As the curtain fell on the play, it left an indelible impact on the audience, comprising mostly women. Tears of guilt rolled down the faces of several mothers who, in the past, failed to muster courage to save their daughters from infanticide. The play, Muthi Bandho Behna is the brainchild of eight women, who are on a mission to prevent infanticide in Madhya Pradesh’s Chambal region, where the killing of girl children (considered a burden on the family), was very common, until the group decided to stand up against the social evil nine years ago.
To put across their message, the group doesn’t depend on any written script. They recreates scenes and discussions that take place at homes in the villages of Chambal, which was once infested by bandits. The eight-- Sunita Gurjar, 52, Geeta Sisodia, 44, Sharmila Bhadoriya, 38, Sunita Kaurav, 43, Sangeeta Tyagi, 37, Archana Sharma, 35, Pushpa Singh, 47, and Sushma Gurjar, 28-- have staged more than 150 plays in more than 100 villages so far.
After years of relentless struggle, their efforts are now slowly showing result. “The National Family Health Survey 2015-16 (NFHS-4) showed the sex ratio of Morena, Bhind, Gwalior and Datia areas of Chambal has showed improvement as compared to 2011 census,” pointed out Suresh Tomar, the joint director of women and child development (WCD) department.
In Bhind sex ratio increased from 837 in 2011 (as per census report) to 855 as per the NFHS 4 report released in 2015. In Morena it increased from 840 to 895 during the same period, while in Guwalior it increased from 864 to 887. In Datia it increased from 873 to 893. He admitted the group with their unique communication method, created awareness against the social menace and changed the mindset of the people.

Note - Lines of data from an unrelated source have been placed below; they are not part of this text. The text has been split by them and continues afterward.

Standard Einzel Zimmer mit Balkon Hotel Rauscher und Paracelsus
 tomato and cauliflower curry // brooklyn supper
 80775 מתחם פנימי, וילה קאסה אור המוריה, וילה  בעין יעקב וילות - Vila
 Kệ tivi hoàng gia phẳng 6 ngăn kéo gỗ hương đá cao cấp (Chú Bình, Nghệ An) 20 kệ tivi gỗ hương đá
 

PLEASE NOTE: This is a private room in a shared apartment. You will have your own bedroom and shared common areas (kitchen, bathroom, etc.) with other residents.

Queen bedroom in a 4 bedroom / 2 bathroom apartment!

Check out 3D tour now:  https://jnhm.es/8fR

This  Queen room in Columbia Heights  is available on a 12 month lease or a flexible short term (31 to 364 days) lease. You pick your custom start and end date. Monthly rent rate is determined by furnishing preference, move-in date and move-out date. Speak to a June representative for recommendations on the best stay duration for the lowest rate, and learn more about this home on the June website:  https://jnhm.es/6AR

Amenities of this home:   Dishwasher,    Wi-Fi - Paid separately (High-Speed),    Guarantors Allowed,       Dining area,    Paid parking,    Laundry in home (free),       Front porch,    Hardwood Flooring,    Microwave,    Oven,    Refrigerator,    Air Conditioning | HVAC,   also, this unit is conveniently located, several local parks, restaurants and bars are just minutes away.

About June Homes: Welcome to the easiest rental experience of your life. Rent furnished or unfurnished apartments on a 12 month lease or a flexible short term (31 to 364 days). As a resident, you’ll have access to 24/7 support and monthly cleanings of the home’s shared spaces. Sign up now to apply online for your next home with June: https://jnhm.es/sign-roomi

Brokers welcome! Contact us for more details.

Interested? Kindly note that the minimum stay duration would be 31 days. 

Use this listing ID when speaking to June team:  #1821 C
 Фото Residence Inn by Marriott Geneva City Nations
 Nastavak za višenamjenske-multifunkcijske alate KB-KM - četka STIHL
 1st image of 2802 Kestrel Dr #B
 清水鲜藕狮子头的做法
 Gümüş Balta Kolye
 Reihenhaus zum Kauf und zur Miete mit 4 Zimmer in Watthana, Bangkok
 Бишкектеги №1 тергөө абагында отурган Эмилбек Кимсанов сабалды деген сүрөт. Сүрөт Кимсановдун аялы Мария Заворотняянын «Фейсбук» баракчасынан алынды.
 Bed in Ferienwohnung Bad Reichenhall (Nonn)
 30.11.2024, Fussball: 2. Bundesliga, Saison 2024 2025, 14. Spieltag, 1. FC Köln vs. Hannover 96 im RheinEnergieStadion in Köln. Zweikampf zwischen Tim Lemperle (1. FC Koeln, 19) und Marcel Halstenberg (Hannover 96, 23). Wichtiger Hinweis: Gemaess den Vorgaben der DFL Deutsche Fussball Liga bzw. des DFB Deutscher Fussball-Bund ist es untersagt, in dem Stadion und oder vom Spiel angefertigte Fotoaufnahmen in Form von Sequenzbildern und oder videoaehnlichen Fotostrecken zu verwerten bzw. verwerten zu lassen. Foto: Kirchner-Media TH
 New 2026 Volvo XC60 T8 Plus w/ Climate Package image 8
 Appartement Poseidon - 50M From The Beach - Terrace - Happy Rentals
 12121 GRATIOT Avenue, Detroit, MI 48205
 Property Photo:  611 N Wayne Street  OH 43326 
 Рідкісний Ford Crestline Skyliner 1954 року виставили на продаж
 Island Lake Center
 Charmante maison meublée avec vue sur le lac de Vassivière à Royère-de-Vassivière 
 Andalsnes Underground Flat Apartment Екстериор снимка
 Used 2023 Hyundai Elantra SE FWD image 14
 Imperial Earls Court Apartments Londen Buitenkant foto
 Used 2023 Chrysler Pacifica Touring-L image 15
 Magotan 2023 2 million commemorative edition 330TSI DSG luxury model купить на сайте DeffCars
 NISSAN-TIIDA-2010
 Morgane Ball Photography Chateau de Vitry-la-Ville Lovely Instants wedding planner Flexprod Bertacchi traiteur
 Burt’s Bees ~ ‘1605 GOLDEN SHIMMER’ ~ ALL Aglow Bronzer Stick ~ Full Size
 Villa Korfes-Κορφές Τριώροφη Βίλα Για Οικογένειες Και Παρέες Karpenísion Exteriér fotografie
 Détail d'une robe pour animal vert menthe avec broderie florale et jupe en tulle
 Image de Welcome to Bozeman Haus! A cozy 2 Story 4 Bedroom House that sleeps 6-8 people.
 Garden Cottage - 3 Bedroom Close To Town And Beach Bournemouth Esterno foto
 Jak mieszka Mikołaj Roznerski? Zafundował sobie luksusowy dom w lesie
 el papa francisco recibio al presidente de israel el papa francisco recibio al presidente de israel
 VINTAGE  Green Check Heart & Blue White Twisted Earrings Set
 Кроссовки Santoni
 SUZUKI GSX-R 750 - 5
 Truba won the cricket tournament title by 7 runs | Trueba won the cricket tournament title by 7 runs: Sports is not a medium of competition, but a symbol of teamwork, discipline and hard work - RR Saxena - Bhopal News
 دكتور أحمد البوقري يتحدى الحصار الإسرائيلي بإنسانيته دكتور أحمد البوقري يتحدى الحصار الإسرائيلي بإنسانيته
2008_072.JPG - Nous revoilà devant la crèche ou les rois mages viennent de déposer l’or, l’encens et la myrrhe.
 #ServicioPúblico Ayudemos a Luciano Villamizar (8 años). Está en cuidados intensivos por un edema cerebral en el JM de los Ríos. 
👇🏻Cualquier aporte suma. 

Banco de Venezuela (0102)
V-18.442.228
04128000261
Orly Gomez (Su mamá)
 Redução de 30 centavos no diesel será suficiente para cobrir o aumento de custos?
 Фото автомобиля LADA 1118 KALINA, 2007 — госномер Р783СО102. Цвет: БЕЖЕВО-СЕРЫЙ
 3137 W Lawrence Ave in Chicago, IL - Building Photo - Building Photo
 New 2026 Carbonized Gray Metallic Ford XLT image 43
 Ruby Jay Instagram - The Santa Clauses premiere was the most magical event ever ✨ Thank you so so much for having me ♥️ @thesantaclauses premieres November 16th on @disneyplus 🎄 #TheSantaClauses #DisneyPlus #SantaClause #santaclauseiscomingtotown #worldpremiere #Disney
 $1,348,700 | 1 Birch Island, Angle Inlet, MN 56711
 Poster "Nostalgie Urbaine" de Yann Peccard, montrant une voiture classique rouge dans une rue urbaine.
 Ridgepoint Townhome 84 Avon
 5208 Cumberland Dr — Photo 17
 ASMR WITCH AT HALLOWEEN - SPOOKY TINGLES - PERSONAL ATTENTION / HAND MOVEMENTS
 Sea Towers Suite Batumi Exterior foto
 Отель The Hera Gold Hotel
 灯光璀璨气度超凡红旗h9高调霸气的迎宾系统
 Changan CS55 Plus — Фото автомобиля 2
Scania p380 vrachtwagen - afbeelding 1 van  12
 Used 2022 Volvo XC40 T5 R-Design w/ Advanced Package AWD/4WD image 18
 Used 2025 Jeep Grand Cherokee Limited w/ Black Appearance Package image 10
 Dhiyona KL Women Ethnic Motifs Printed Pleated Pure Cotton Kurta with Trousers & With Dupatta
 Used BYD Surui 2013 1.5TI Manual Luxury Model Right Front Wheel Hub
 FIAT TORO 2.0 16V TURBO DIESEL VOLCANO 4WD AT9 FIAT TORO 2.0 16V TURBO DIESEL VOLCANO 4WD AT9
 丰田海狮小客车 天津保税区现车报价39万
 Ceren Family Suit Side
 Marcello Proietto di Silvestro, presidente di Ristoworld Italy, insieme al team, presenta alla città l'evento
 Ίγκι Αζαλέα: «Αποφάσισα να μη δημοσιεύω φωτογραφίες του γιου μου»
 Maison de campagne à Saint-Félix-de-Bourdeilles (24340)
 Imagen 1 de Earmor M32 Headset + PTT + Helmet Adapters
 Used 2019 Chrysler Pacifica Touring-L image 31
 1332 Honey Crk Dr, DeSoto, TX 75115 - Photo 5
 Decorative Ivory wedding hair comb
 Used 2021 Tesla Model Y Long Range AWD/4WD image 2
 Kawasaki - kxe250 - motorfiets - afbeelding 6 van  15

It was, however, not an easy task. Many a times, the women were attacked by the conservative villagers. Their families were also not very supportive initially. But nothing deterred them. Geeta Sisodiya, who is also an aganwadi worker in Bhind recalled how government’s awareness drive was proving futile. “With technological advancement and hand-held sonography machine at every nook and corner, sex determination became easy and girls were killed in the womb. We were clueless about how to prevent it,” she said. It was at that time, she and another girl, Sangeeta Tyagi, was asked by the department to take part in a drama on atrocities against women.
“We saw tears in the eyes of audience after we staged the play,” recalled Sangeeta. That influenced them to form a drama group with six more like-minded women. But, to stage a play in front of villagers was an uphill task. They all belonged to conservative families where a woman is not supposed to go outside without a veil. Talking loudly by a woman too is a taboo. “Some even chided us saying ‘nachaniya and nautankibaaz banne ka shauk tha toh shadi se pehle bata deti. Parivar ka ijjat toh bacha rehta (If you were so interested in plays and drama, you should have told us before your marriage. Our family honour would have been saved), said Sunita Gurjar.
There was, however, one silver lining. Even their families were against female foeticide. After much persuasion, the families finally gave the nod on a condition that they would be in veil. “We started our journey in villages of Mau block, infamous for having one of the worst sex ratios in the country. At the beginning, we used to go to every house, inviting people to attend the play,” said Sangeeta. Impressed by their performance, WCD department also imparted training to them to hone their skill, and organise their plays, said the joint director.